::: Data block

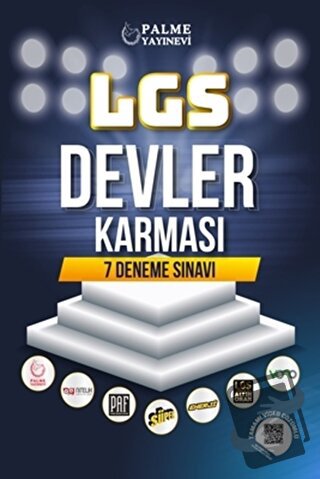 Palme 8. Sınıf LGS Devler Karması 7 Deneme - Kolektif - Palme Yayıncıl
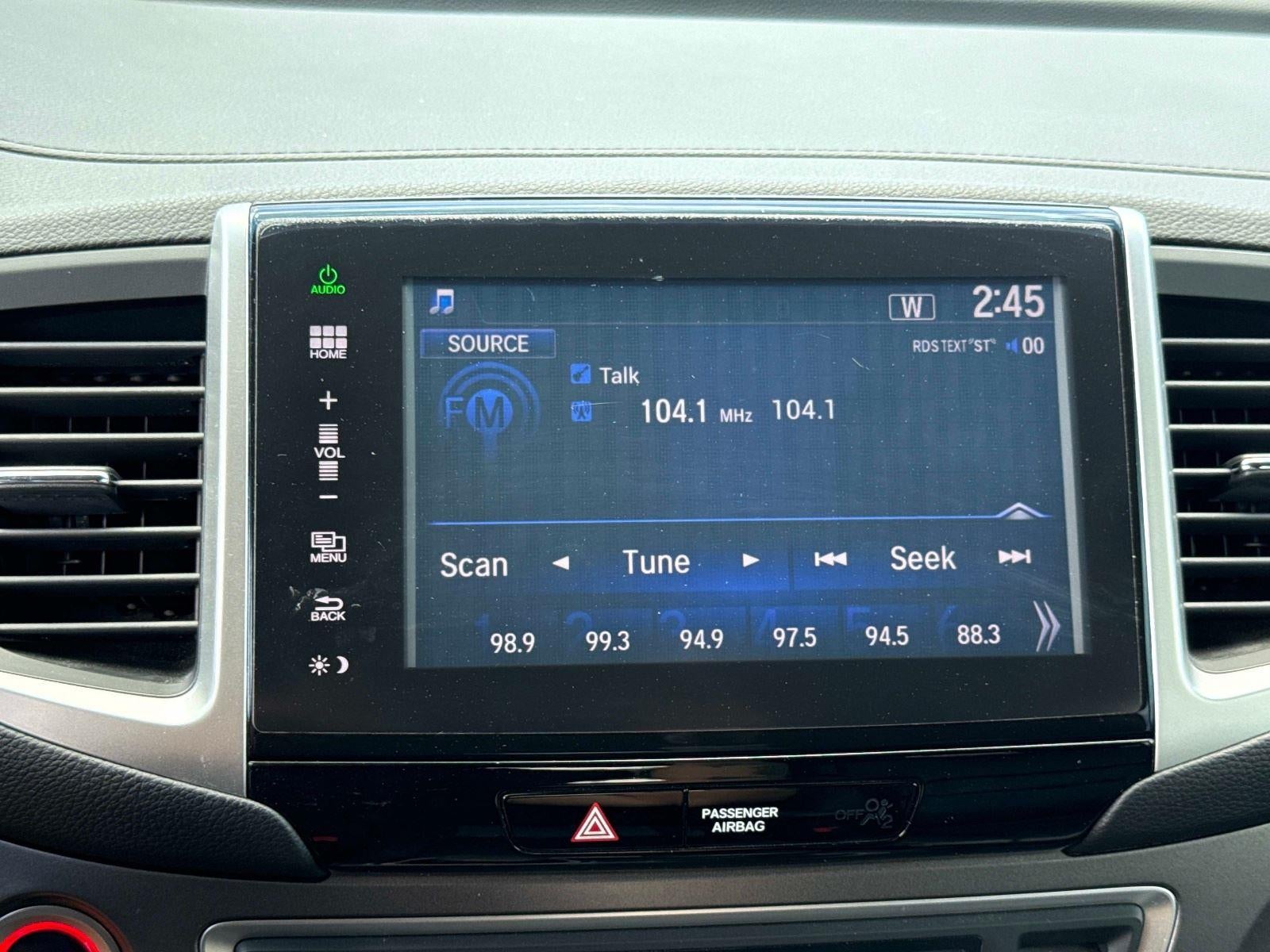 2016 Honda Pilot EX-L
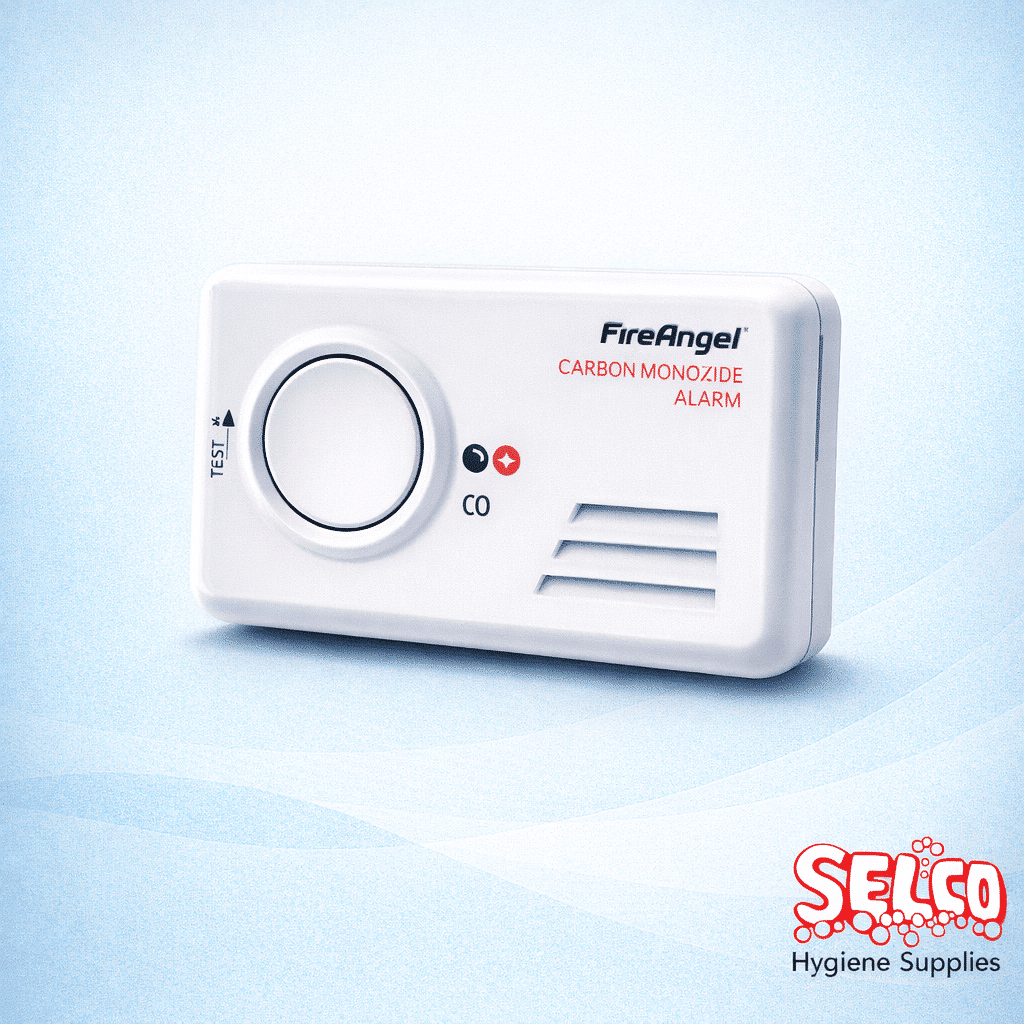 Carbon Monoxide Alarm -Carbon Safety Selco - Commercial Supply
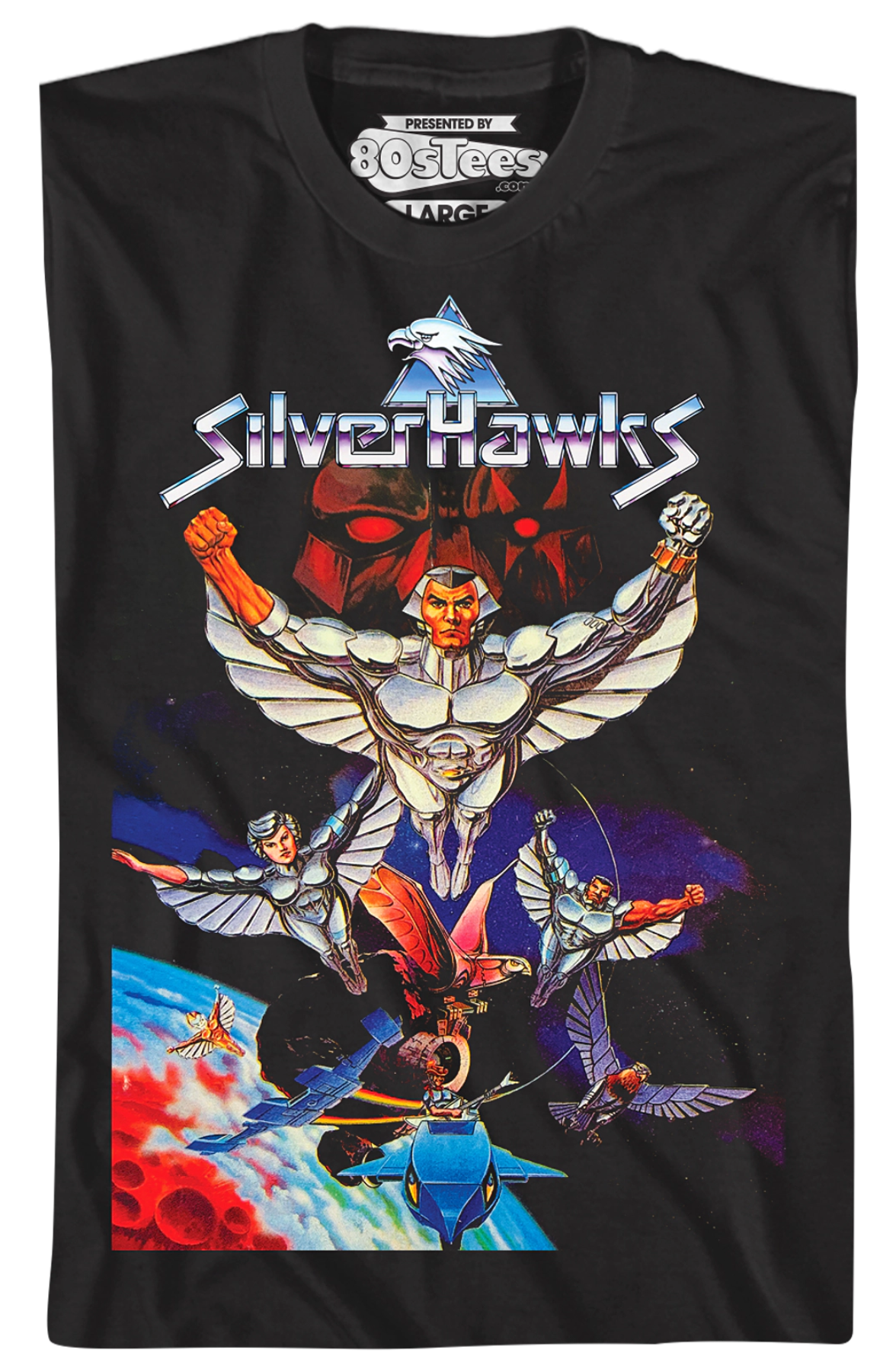 SilverHawks T-Shirt Hoodie, Sweatshirt | CiraTrend.com (Image 2)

::::::

- [Your assignment] Apart from the images, please copy every line of the data exactly as written.

- [Final answer]
 Palme 8. Sınıf LGS Devler Karması 7 Deneme - Kolektif - Palme Yayıncıl
 2016 Honda Pilot EX-L
 Carbon Monoxide Alarm -Carbon Safety Selco - Commercial Supply
 SilverHawks T-Shirt Hoodie, Sweatshirt | CiraTrend.com (Image 2)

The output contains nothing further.